Un ami s’interrogeait sur l’absence de modération dans les manifestations gestuelles et langagière des joueurs et de tous les mouvement de la spirale collective. Ce pourrait être plus mesuré, plus intelligent, plus constructif. On se demande pourquoi ça ne l’est pas. La foule autant que l’individu exigent un vainqueur comme s’il fallait que la vie de certains soit plus justifiée que celle d’autres qui ont perdu. Cette « volonté de puissance », nitzschéenne ou sans nom, se consume gratuitement. Cela doit probablement faire partie de l’expérience. Ce devait être un divertissement et c’est peut-être un égarement.

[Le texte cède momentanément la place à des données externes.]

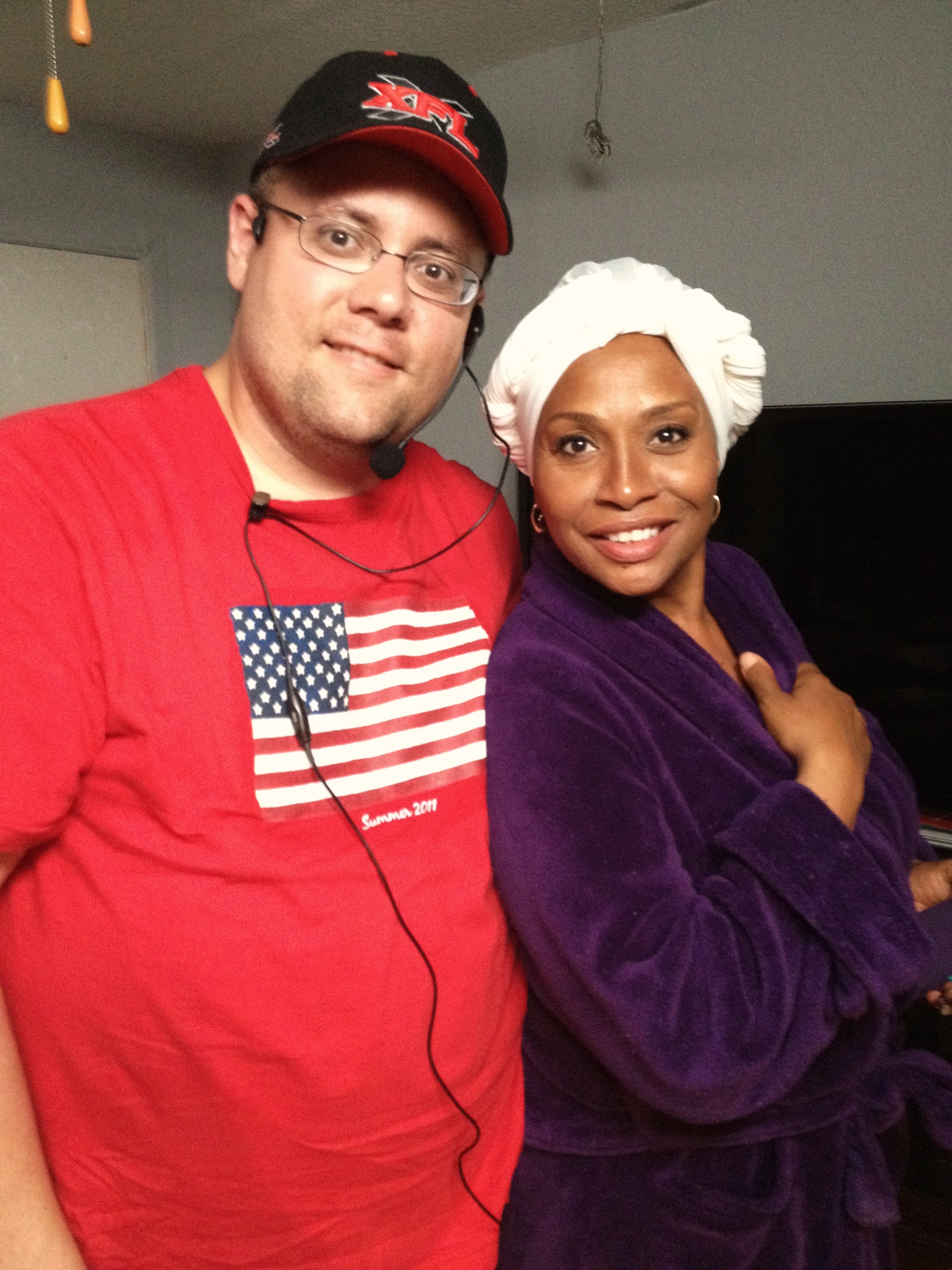 Alexander Garcia & Jenifer Lewis on set of 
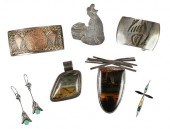 SEVEN PIECES SOUTHWESTERN SILV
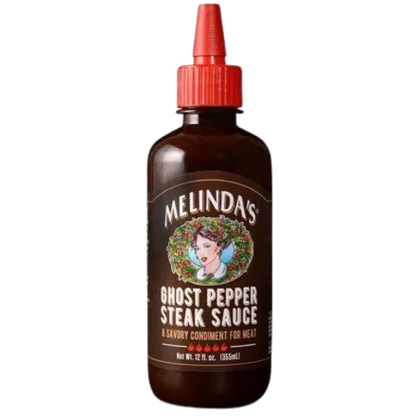 Melinda's Ghost Pepper Steak Sauce – 12oz - image 1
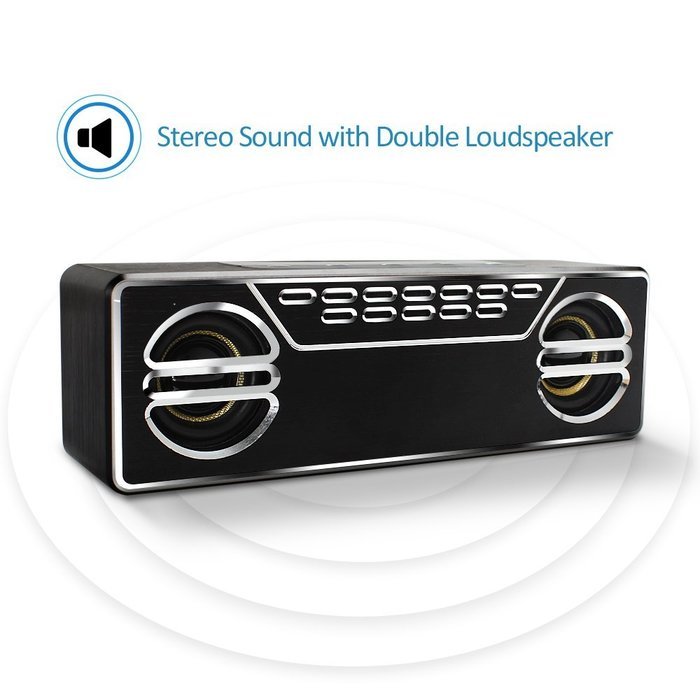 Maono Rechargeable Bluetooth 3.0 Speaker,Wireless Speaker with Enhanced Bass, Dual Drive Stereo Sound, Built-in... N3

La cause de cette animosité au centre du jeux se trouve dans le passé et se réserve un avenir. C’est le souci constant de survivance aux dépens d’autrui et l’éloge de soi dans la recherche continue d’une identité. Le sport est un entre-deux, peut-être bénéfique, mais la connaissance de la vie ou de ce qu’il y aurait de plus grand qu’elle, si ce ne devait être le néant, ne se jouera jamais aux pénaltys. On nous y condamne pourtant et je me prépare à la possibilité d’un nouvel Hollande-Argentine qui me définira mieux que je n’aurai su le faire. Le monde dont on ne sait que dire, les autres que l’on n’est pas là pour juger et soi, dont on ne sait que penser. Il n’y a pas non plus de tirs au but pour départager les sociétés dans cette grande confusion qui triomphe en matière de finalités.